The association represents about 230 airlines, including most of the major U.S. carriers.
The picture has been clouded by a European plan to impose an emissions tax on aircraft flying to and from its airspace.
“The airline industry has long opposed this because regional schemes will distort markets and open the door to a patchwork approach,” he said.
The United States is at the forefront of nations opposed to the European Union plan. The House voted last month to ban U.S. carriers from paying the emissions tax.
Under a tax scheme scheduled to take effect Jan. 1, the E.U. aviation tax would apply to any aircraft that flies in or out of an E.U. airport, even if the time it spends in E.U. airspace is minimal. The tax would be paid to the country to which an airline flies most frequently, and although it has been promoted as an environmental tax there is no requirement that the revenue be spent on environmental programs.
“Reducing aviation emissions is a goal that is worth pursuing, but the E.U.’s go-it-alone approach will fly in the face of the international community and is not the way to find an international solution to an international problem,” said Rep. Nick J. Rahall (D-W.Va.), ranking member on the House Transportation Committee.

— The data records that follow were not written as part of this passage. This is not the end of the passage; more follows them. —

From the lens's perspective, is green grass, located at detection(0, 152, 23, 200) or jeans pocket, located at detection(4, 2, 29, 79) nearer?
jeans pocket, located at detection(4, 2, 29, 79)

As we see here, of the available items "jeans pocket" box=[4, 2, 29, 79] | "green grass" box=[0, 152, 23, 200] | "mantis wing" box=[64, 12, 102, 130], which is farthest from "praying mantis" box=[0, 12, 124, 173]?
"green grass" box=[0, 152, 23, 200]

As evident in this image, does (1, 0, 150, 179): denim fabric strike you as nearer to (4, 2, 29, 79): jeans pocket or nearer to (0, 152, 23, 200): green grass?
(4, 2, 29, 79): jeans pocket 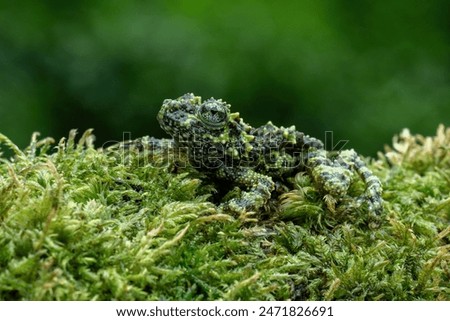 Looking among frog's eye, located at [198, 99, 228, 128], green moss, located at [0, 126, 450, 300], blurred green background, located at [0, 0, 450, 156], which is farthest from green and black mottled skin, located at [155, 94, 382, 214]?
blurred green background, located at [0, 0, 450, 156]

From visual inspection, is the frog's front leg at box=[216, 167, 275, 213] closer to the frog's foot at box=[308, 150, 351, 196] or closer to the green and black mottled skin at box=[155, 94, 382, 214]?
the green and black mottled skin at box=[155, 94, 382, 214]

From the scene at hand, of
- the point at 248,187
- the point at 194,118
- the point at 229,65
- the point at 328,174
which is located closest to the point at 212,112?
the point at 194,118

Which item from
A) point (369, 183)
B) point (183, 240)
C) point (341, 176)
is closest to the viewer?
point (183, 240)

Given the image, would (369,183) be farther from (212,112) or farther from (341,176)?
(212,112)

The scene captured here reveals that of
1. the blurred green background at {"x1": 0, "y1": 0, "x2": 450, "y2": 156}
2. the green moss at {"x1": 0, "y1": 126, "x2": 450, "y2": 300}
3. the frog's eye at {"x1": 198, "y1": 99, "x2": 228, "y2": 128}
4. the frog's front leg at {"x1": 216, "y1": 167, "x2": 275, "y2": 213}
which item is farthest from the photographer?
the blurred green background at {"x1": 0, "y1": 0, "x2": 450, "y2": 156}

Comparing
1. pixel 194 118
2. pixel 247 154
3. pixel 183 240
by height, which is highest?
pixel 194 118

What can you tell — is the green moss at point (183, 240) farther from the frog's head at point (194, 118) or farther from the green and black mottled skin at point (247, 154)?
the frog's head at point (194, 118)

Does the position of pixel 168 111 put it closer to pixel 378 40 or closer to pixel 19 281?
pixel 19 281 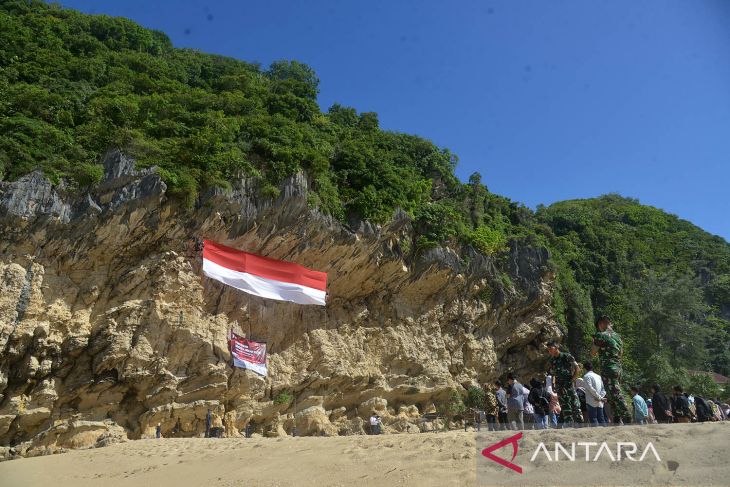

In testimony before that committee in July, the U.S. Air Transport Association estimated the tax would cost U.S. airlines more than $3.1 billion between 2012 and 2020.
The tax also has drawn objection from Argentina, Brazil, Chile, China, Colombia, Cuba, Egypt, India, Japan, South Korea, Malaysia, Mexico, Nigeria, Paraguay, Qatar, Russia, Saudi Arabia, Singapore, South Africa and the United Arab Emirates.